At Case Western Reserve University this semester students should be seeing more and more of those geeky-looking 2D mobile codes around campus, in the school newspaper, perhaps even on pamphlets from
other students. Run by Mobile Discovery with the cooperation of Case's Master of Engineering and Management program, this purports to be the first cross-carrier mobile 2D trial in the U.S.
Interest in 2D mobile codes is very high throughout the value chain, but it is unclear which technology, which code standard, and what technology model will prevail in the U.S. Another trial of 2D
Codes is being conducted by ScanBuy in the San Francisco area, specifically targeting restaurant reviews and audio walking tours with its own code and application.
In both cases the user must
download a program to the phone, which in turn uses the phone's camera as a code scanner. Ideally, a user should take a quick snap of a code wherever it resides, and the phone will send the unique
image out to a provider like Mobile Discovery, which then delivers back to the phone the promised media. The dream at the heart of this technology is to turn the physical world into a fully
interactive one. Any object becomes an occasion for delivering more content. The problem will be getting there.
David Miller, CEO of Mobile Discovery, is already going to code school at Case
Western in these trials. The critical lessons are that this technology will hang on ubiquity, standards, education, and value. "It is important to drive deep penetration in a closed community," for
these trials, says Miller. "No one wants to download software to scan a code once. They want multiple things to scan to make 2D codes a part of their lifestyle." Within the closed and compressed
setting of the campus at Case, the codes can seem to be everywhere, on bus stops, posters, etc.

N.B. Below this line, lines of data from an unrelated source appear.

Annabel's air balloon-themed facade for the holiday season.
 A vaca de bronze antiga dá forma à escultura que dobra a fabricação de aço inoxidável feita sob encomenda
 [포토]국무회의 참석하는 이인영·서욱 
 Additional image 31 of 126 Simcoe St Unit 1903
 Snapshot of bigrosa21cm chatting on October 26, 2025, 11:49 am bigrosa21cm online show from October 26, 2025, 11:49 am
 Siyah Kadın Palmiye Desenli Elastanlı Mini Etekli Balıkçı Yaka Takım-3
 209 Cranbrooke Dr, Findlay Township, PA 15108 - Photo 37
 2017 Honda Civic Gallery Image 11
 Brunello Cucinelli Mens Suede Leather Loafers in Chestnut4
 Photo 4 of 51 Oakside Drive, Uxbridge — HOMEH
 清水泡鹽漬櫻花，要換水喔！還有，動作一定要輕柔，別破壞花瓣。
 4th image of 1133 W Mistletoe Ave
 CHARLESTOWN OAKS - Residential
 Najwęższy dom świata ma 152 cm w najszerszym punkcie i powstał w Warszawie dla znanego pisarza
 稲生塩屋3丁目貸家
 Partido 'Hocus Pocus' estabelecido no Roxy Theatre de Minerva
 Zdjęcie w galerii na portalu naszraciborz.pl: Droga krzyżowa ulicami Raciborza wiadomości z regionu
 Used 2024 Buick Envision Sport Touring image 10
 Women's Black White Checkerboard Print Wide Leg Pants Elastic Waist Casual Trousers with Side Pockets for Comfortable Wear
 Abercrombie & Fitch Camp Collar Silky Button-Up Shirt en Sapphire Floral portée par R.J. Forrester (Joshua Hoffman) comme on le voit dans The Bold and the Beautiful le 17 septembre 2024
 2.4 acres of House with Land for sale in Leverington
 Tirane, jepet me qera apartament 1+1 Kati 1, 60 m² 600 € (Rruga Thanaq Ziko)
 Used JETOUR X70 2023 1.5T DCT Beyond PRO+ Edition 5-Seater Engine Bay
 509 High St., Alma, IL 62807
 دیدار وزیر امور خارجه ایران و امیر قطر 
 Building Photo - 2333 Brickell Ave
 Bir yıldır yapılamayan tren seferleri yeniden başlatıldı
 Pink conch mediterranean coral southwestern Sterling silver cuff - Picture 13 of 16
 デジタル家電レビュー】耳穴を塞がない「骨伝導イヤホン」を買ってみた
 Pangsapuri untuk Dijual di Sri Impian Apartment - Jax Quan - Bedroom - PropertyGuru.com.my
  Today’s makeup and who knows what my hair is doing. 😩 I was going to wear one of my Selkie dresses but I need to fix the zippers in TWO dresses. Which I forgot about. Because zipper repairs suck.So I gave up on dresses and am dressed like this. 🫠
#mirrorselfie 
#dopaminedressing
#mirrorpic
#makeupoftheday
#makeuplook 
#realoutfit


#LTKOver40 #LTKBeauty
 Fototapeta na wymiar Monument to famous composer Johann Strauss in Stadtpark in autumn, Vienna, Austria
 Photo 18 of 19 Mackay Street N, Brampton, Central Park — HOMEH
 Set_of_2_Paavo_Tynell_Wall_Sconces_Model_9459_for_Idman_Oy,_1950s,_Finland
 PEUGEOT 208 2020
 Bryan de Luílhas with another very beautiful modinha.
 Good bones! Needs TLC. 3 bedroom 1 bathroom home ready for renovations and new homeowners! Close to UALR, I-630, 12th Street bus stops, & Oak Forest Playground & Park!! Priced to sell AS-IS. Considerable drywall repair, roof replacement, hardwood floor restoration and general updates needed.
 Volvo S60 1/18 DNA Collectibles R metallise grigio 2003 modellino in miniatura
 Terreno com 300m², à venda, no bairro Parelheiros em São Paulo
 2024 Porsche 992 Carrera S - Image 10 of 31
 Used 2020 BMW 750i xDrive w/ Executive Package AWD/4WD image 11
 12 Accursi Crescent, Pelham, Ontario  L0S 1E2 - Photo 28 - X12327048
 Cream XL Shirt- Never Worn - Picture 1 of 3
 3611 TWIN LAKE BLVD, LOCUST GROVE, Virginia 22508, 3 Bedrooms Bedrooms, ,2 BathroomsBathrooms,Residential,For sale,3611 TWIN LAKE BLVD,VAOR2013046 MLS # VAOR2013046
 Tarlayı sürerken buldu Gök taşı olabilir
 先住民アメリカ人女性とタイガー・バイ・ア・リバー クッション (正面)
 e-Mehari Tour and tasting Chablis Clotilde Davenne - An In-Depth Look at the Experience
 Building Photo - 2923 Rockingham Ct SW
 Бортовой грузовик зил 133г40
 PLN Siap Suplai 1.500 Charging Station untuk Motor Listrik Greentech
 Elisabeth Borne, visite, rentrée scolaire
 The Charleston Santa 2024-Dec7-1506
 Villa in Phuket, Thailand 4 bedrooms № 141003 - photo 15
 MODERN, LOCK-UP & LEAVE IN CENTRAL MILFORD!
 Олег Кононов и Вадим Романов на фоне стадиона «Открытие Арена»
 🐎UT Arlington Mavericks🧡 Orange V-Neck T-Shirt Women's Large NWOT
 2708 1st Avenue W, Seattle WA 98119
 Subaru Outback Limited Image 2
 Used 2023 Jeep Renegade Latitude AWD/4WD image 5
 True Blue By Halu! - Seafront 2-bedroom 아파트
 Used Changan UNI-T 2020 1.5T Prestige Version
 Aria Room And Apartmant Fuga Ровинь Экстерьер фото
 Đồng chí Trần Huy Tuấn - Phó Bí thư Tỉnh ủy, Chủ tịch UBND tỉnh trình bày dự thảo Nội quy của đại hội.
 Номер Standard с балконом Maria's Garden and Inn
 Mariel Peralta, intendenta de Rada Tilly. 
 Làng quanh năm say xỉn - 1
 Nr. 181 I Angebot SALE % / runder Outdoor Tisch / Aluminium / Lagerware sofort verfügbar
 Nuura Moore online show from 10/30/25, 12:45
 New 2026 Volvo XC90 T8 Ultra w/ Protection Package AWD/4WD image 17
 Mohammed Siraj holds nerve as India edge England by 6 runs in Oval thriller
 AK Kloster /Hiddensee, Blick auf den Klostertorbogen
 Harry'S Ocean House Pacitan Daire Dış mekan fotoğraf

The interesting thing about the Case Western test is that it puts the codes both into the hands
of commercial partners like Gannett or QVC as well as ordinary students. Anyone can create a unique scan code online to reuse on posters, handouts or in the school newspaper. The user can upload
content to the system that will be associated with the graphic code and sent to the phones in response to a request. This user-generated element helps accelerate the appearance of the codes and may be
more likely than an ad to prompt a student to download and use the software.
The carriers are observing the test, says Miller, because they want to see a working model where advertisers are
involved and they get feedback from all parts of the value chain. Let's hope that one of the things they hear from this test is the need for more and better flat pricing of data. Wireless customers
are price-sensitive, and they recognize that any non-voice use of their phone is going to cost them in ways they may not foresee.
"We learned that not only are consumers confused but they are
apprehensive," says Miller. "It is like a black box. They don't know what they will get. They don't know what will appear on their bill." This consumer reticence makes it all the more important that
the publisher offer real value. There is a calculus going on in consumers' minds over whether the cost, in time, bother or just money, is outweighed by the benefit.
Nevertheless, Miller
reports a great deal of interest in this program among students and staff at Case. Of course, this is a tech-oriented school of uber-early adopters, so there is built-in curiosity. Still, I would be
very interested in seeing how much the user-generated piece of this project gets used, propels use, and piques interest. Clearly we are a couple of years away from seeing ubiquitous 2D codes in
the U.S. Two incredibly difficult things have to happen. First, we need to settle on a code standard among the many companies cropping up in the space. There is nothing more chilling than the prospect
of consumers having to determine which 2D code vendor is associated with this movie poster or that print ad. No one is going to download multiple reader software. In fact, I would argue that unless
and until we see this baked into hardware, it will remain a curio for, well, the curious. This has to be at least as seamless and familiar as starting your phone cam, pointing it at a scan code and
having the camera know what to do from there. Which leads us to the next high hurdle, cross-carrier agreement on a standard they all can bake into phones and operating systems.
If we really
want the clickable world, where phones can easily activate any physical object, then we need the world to behave like HTML code.